__Your objective__:
Return all of the material that follows, keeping each line exactly as it is.

__Source material__:
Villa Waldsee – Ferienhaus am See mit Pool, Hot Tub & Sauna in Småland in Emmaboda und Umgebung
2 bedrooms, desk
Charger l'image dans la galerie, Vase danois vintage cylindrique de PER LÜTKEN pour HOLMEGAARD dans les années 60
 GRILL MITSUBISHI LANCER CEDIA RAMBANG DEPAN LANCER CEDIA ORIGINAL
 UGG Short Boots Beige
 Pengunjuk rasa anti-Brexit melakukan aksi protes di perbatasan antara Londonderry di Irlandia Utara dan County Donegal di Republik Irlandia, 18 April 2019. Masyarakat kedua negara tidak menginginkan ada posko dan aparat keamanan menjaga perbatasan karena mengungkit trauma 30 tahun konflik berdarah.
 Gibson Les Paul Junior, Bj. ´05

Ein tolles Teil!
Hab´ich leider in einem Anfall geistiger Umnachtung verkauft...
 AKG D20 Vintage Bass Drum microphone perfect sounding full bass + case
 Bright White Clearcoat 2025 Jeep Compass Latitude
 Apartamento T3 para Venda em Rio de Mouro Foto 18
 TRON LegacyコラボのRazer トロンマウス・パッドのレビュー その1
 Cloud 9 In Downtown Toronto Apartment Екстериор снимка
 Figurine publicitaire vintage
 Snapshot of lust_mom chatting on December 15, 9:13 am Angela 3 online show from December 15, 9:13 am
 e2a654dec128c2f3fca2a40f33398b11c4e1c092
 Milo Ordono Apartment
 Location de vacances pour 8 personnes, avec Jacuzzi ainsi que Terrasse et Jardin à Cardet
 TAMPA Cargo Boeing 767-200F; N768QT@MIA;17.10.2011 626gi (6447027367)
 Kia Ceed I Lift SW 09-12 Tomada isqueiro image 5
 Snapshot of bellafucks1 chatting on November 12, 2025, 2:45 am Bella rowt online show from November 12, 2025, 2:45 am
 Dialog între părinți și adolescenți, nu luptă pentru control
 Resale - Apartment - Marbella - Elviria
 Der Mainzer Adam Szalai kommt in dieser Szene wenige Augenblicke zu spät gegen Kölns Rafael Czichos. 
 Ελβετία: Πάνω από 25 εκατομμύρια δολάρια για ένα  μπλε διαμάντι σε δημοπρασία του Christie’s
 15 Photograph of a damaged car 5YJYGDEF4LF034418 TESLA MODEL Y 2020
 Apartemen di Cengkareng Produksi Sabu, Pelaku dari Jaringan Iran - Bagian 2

__Solution to this problem__:
Villa Waldsee – Ferienhaus am See mit Pool, Hot Tub & Sauna in Småland in Emmaboda und Umgebung
2 bedrooms, desk
Charger l'image dans la galerie, Vase danois vintage cylindrique de PER LÜTKEN pour HOLMEGAARD dans les années 60
 GRILL MITSUBISHI LANCER CEDIA RAMBANG DEPAN LANCER CEDIA ORIGINAL
 UGG Short Boots Beige
 Pengunjuk rasa anti-Brexit melakukan aksi protes di perbatasan antara Londonderry di Irlandia Utara dan County Donegal di Republik Irlandia, 18 April 2019. Masyarakat kedua negara tidak menginginkan ada posko dan aparat keamanan menjaga perbatasan karena mengungkit trauma 30 tahun konflik berdarah.
 Gibson Les Paul Junior, Bj. ´05

Ein tolles Teil!
Hab´ich leider in einem Anfall geistiger Umnachtung verkauft...
 AKG D20 Vintage Bass Drum microphone perfect sounding full bass + case
 Bright White Clearcoat 2025 Jeep Compass Latitude
 Apartamento T3 para Venda em Rio de Mouro Foto 18
 TRON LegacyコラボのRazer トロンマウス・パッドのレビュー その1
 Cloud 9 In Downtown Toronto Apartment Екстериор снимка
 Figurine publicitaire vintage
 Snapshot of lust_mom chatting on December 15, 9:13 am Angela 3 online show from December 15, 9:13 am
 e2a654dec128c2f3fca2a40f33398b11c4e1c092
 Milo Ordono Apartment
 Location de vacances pour 8 personnes, avec Jacuzzi ainsi que Terrasse et Jardin à Cardet
 TAMPA Cargo Boeing 767-200F; N768QT@MIA;17.10.2011 626gi (6447027367)
 Kia Ceed I Lift SW 09-12 Tomada isqueiro image 5
 Snapshot of bellafucks1 chatting on November 12, 2025, 2:45 am Bella rowt online show from November 12, 2025, 2:45 am
 Dialog între părinți și adolescenți, nu luptă pentru control
 Resale - Apartment - Marbella - Elviria
 Der Mainzer Adam Szalai kommt in dieser Szene wenige Augenblicke zu spät gegen Kölns Rafael Czichos. 
 Ελβετία: Πάνω από 25 εκατομμύρια δολάρια για ένα  μπλε διαμάντι σε δημοπρασία του Christie’s
 15 Photograph of a damaged car 5YJYGDEF4LF034418 TESLA MODEL Y 2020
 Apartemen di Cengkareng Produksi Sabu, Pelaku dari Jaringan Iran - Bagian 2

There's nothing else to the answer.